TASK REQUIREMENTS
Return the data below in full, matching every line exactly.
[[ PROVIDED RECORDS, beginning ]]
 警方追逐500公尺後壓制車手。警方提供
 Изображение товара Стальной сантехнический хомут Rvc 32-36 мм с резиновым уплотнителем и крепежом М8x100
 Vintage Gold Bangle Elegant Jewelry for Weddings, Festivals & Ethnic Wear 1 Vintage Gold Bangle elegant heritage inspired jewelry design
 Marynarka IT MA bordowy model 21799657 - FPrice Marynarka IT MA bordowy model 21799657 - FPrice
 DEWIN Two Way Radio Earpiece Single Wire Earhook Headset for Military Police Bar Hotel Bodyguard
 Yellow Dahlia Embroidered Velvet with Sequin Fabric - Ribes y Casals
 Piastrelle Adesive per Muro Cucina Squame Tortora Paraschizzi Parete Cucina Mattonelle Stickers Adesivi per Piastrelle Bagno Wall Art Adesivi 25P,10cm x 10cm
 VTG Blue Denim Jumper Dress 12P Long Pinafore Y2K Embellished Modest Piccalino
[[ PROVIDED RECORDS, end ]]
COMPLETED EXERCISE
 警方追逐500公尺後壓制車手。警方提供
 Изображение товара Стальной сантехнический хомут Rvc 32-36 мм с резиновым уплотнителем и крепежом М8x100
 Vintage Gold Bangle Elegant Jewelry for Weddings, Festivals & Ethnic Wear 1 Vintage Gold Bangle elegant heritage inspired jewelry design
 Marynarka IT MA bordowy model 21799657 - FPrice Marynarka IT MA bordowy model 21799657 - FPrice
 DEWIN Two Way Radio Earpiece Single Wire Earhook Headset for Military Police Bar Hotel Bodyguard
 Yellow Dahlia Embroidered Velvet with Sequin Fabric - Ribes y Casals
 Piastrelle Adesive per Muro Cucina Squame Tortora Paraschizzi Parete Cucina Mattonelle Stickers Adesivi per Piastrelle Bagno Wall Art Adesivi 25P,10cm x 10cm
 VTG Blue Denim Jumper Dress 12P Long Pinafore Y2K Embellished Modest Piccalino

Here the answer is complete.